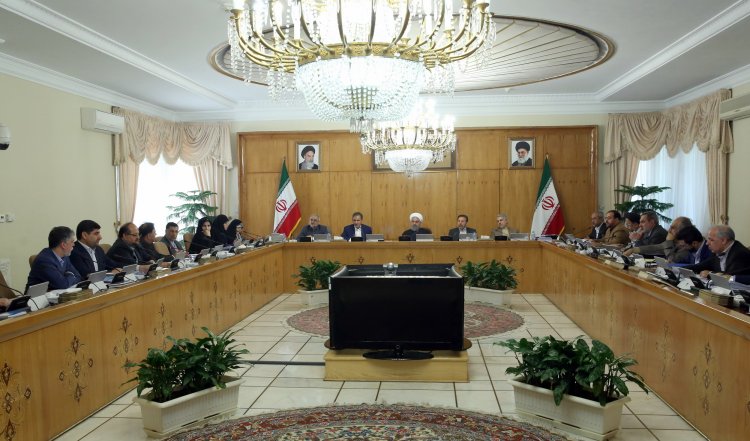 تعدادی از مواد لایحه سازمان نظام رسانه ای ایران تصویب شد/تعرفه های خدمات سرپایی درمان اعتیاد و مواد روانگردان در سال 96 تعیین شد
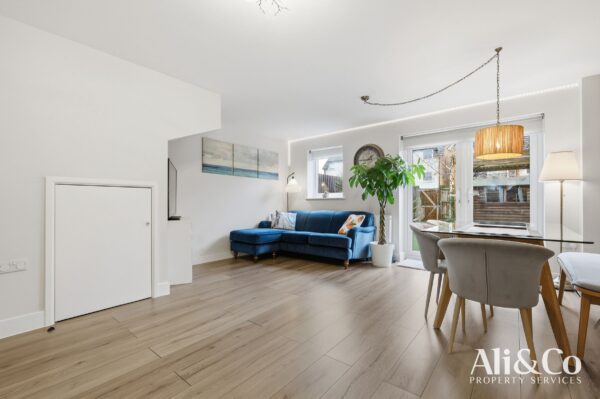 Schoolfield Road, Grays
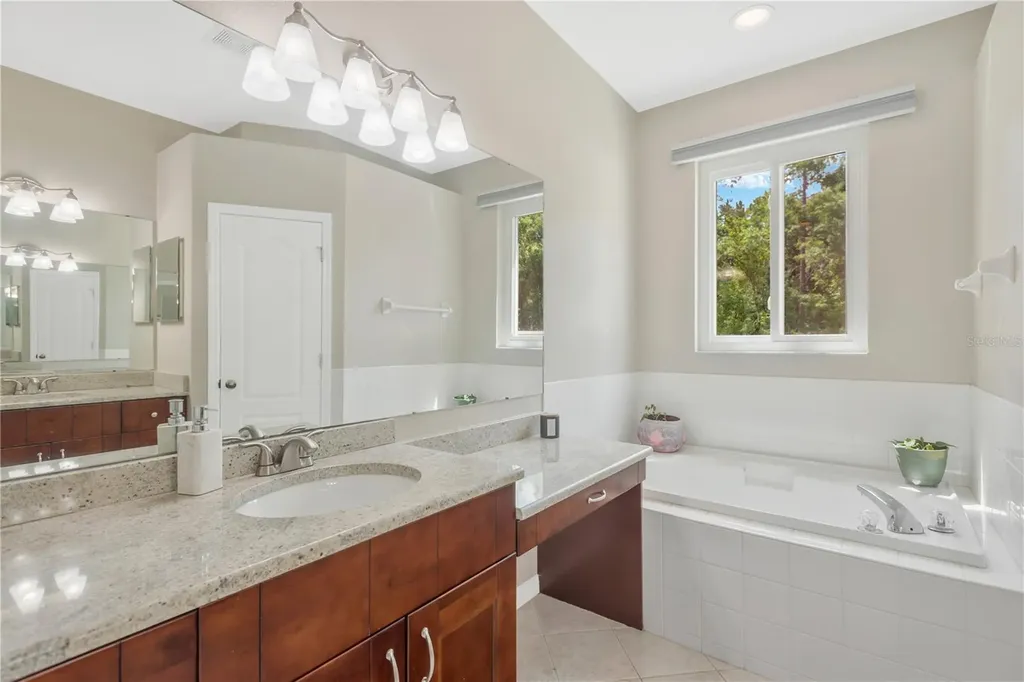 6012 Kiteridge Drive Lithia FL 33547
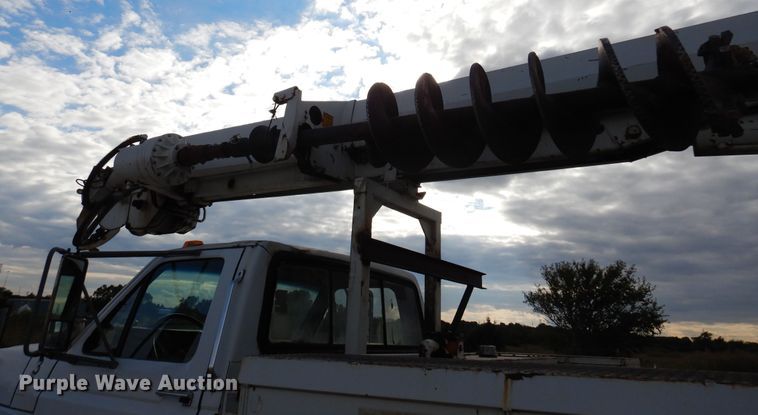 image for item JT9521 1988 Ford F800  digger derrick truck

◆ ◆ ◆

With the images removed, write out all of the material above exactly.

 تعدادی از مواد لایحه سازمان نظام رسانه ای ایران تصویب شد/تعرفه های خدمات سرپایی درمان اعتیاد و مواد روانگردان در سال 96 تعیین شد
 Schoolfield Road, Grays
 6012 Kiteridge Drive Lithia FL 33547
 image for item JT9521 1988 Ford F800  digger derrick truck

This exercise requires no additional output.